Table 1 Absolute error differences for Example 1
Table 2 Solution of Example 1 using the proposed MOL5 and the competing methods [27, 28] when \(k=0.005\)
Table 3 Percentage errors associated with Example 1
Table 4 Solution of Example 1 using the proposed MOL5 and the competing methods [27, 28] when \(k=0.01.\)
Table 5 Invariant of Example 1 when \(h=0.1\)
Fig. 1
figure 1

Comparison between the proposed MOL5 and exact solutions for Example 1

Fig. 2
figure 2

Comparison between the proposed MOL7 and exact solutions for Example 1

4.2 Example 2: Interaction of two solitary waves

Let us consider the KdV equation as given in (1) that admits a two-soliton solution, together with the following endpoint boundary conditions

$$u(0,t)=0, \qquad u(4,t)=0, \qquad t>0,$$

and further coupled with an appropriate initial condition, derivable from the exact solution that takes the following expression [29]

$$u(x,t)=12\,\mu \,(\log (F))_{xx}, \qquad 0\le x \le 4,$$

where

$$F=1+\exp (\omega _{1})+\exp (\omega _{2})+\left( {a_{1}-a_{2}\over {a_{1}+a_{2}}}\right) ^{2} \exp (\omega _{1}+\omega _{2}),$$

with \(a_{1}=\sqrt{{0.3\over {\mu }}},\) \(a_{2}=\sqrt{{0.1\over {\mu }}},\) \(\rho _{1}=-48,\) \(a_{1},\,\,\rho _{2}=-1.07a_{2}\) and \(\omega _{i}=a_{i}\,x-a_{i}^{3}\mu \,t+\rho _{i},\) for \(i=1,2.\) Additionally, we set \(\epsilon =1\), \(\mu =4.84\times 10^{-4},\) together with letting \(N=20,\) \(k=0.005,\) \(h=0.1,\) and \(nt=20\). In the same vein, and without further delay, Tables 6, 7 and 8 give the accuracy of devised methods and further compared with the results in [28], using HBI. More so, certain graphical illustrations are illustrated in Figs. 3-4, where a very good agreement has been noted between the proposed solution and that of the exact solution. Equally, the solutions satisfy the physical behaviour of the model.

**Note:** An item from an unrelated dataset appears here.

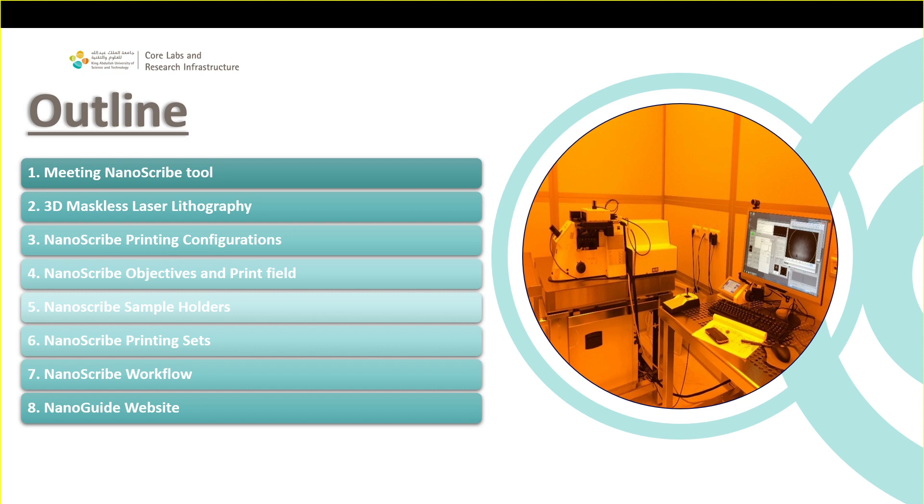We will talk about what are the Nanoscribe printing configurations, objectives, and print field, which is a concept we need to understand. We'll cover the main sample holders in our lab, the printing sets, and the main workflow you need to follow to realize your structure and do the exposure.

Table 6 Percentage errors associated with Example 2
Table 7 Absolute error differences for Example 2
Table 8 Invariant of Example 2 when \(h=0.01\)
Fig. 3
figure 3

Comparison between the proposed MOL5 and exact solutions for Example 2

Fig. 4
figure 4

Comparison between the proposed MOL7 and exact solutions for Example 2

5 Conclusion

In conclusion, the present paper modified two numerical methods, the MOL5 and MOL7, and further implemented them on the renowned KdV model, a real-valued dispersive evolution equation with vast applications in various areas of wave and fluid phenomena. Besides, MOL is a semi-discretization method that gives a system of first-order ODEs; this resulting system was concurrently solved numerically using the Euler and RK4 methods, respectively. In addition, Fourier’s stability analysis method via the use of Van Neumann’s suggestion has helped us in achieving stable numerical schemes, with the MOL matrix admitting negative real eigenvalues. Moreover, having assessed the devised approaches on two initial-boundary value problems of the KdV model, by establishing the resulting percentage errors, absolute error differences, the error norms \(L_{2}\) and \(L_{\infty }\) and the invariant \(I_{k},\) for \(k=1,2,3,\). Therefore, we can proudly conclude that the proposed methods are better than those of the competing Exponential and HBI results in terms of both accuracy and efficiency. Hence, we recommend that the proposed methods should be applied to other types of evolution equations, including the Schrodinger equations. In addition, a higher order of KdV will be considered in our future work.